* WHAT THE TASK ASKS
All pictures are to be omitted while the lines starting at the line with "aerial view of" and ending at the line with "Florida governor and" in the material below are retyped exactly, both ends included.

* THE RECORDS
---
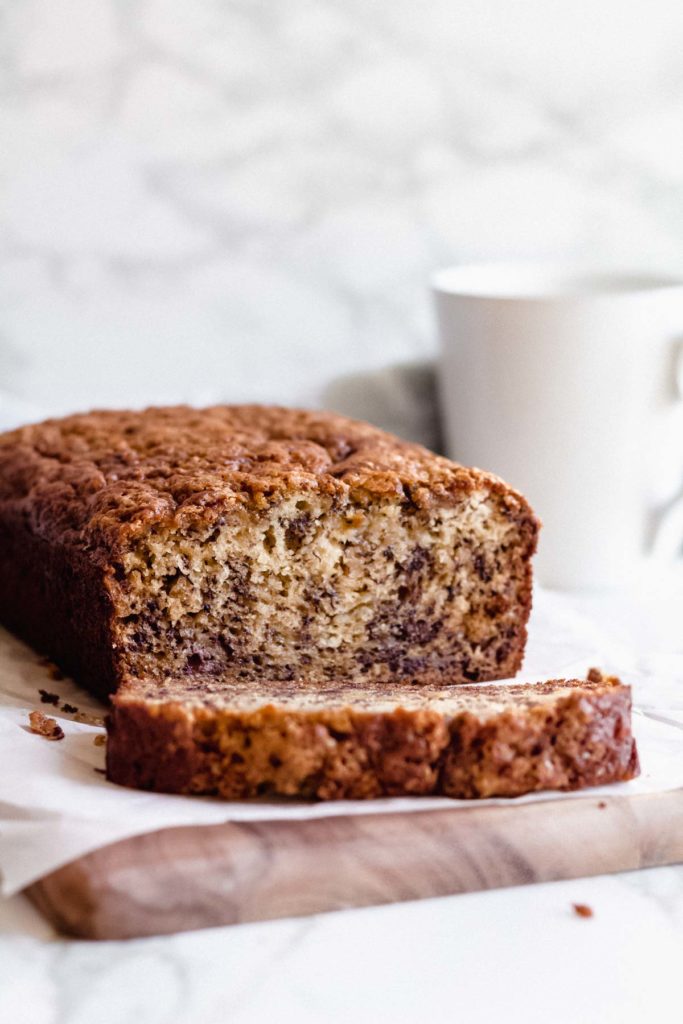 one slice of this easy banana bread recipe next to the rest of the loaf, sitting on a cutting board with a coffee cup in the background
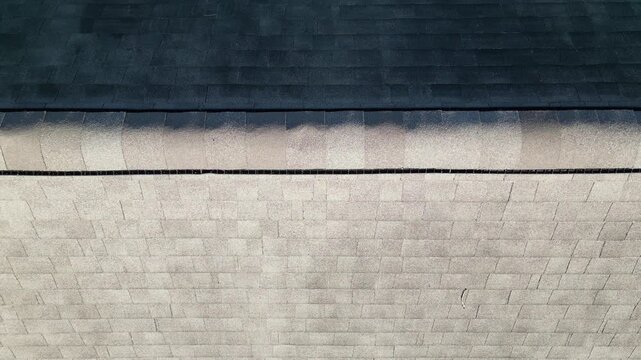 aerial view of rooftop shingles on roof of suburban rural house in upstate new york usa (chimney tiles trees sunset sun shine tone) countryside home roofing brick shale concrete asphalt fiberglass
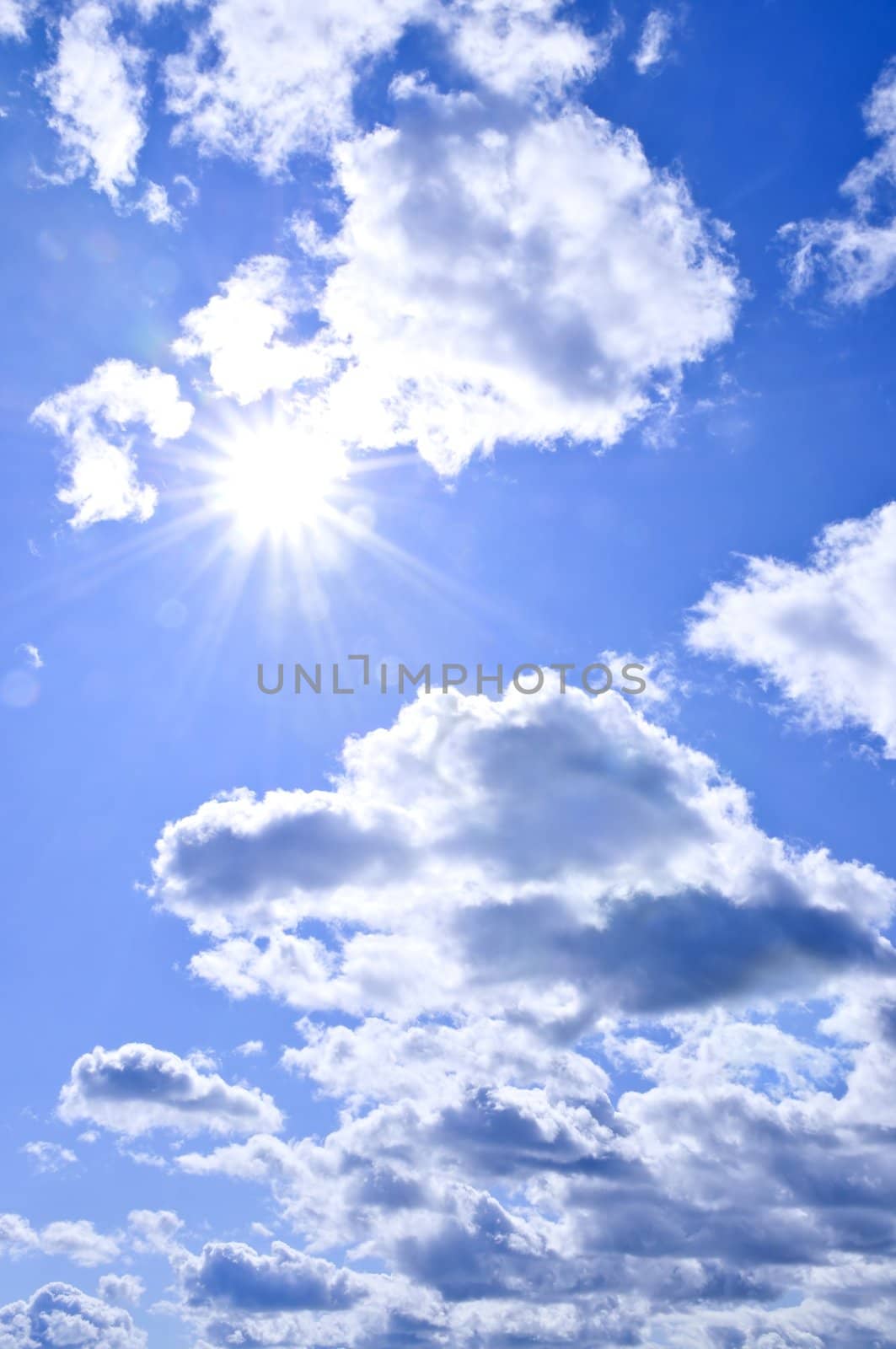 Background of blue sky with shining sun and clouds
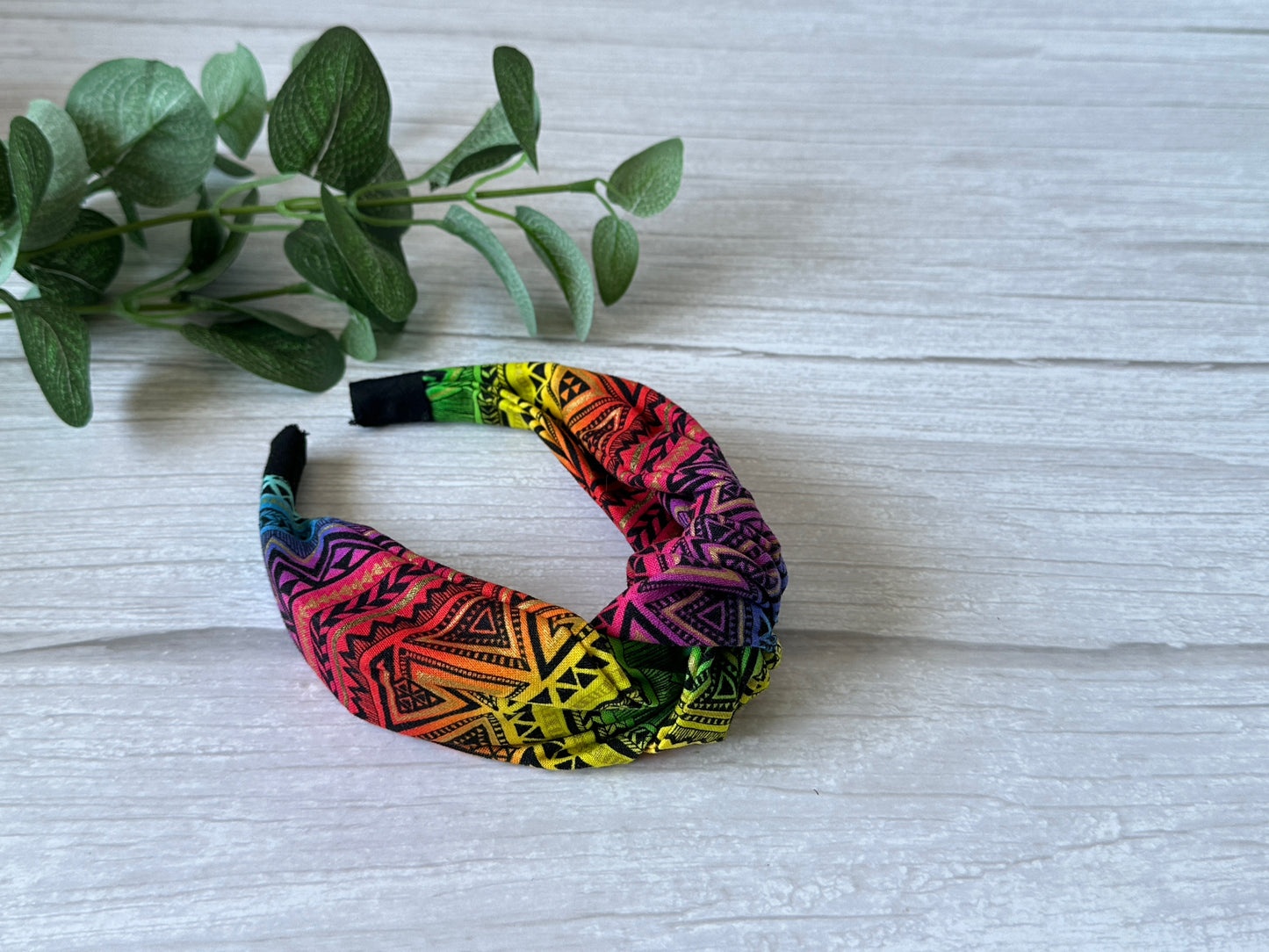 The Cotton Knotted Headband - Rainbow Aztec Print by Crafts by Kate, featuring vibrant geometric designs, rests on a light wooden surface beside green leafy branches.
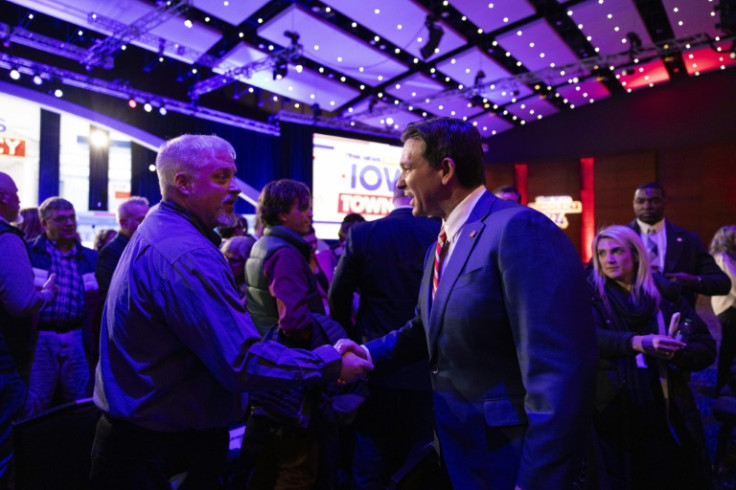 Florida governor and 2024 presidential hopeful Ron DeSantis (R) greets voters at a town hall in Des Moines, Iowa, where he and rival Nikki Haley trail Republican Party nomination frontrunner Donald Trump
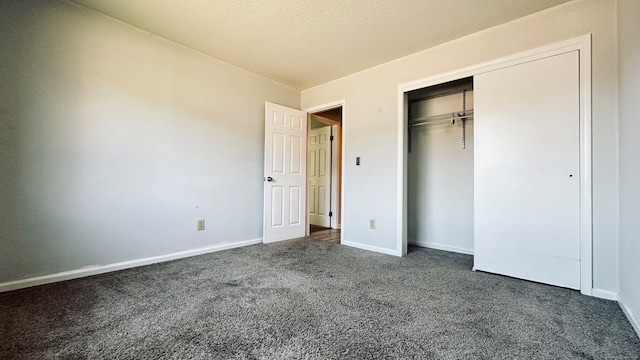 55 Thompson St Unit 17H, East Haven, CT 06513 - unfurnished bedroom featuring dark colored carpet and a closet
---
* FINAL ANSWER
 aerial view of rooftop shingles on roof of suburban rural house in upstate new york usa (chimney tiles trees sunset sun shine tone) countryside home roofing brick shale concrete asphalt fiberglass
 Background of blue sky with shining sun and clouds
 The Cotton Knotted Headband - Rainbow Aztec Print by Crafts by Kate, featuring vibrant geometric designs, rests on a light wooden surface beside green leafy branches.
 Florida governor and 2024 presidential hopeful Ron DeSantis (R) greets voters at a town hall in Des Moines, Iowa, where he and rival Nikki Haley trail Republican Party nomination frontrunner Donald Trump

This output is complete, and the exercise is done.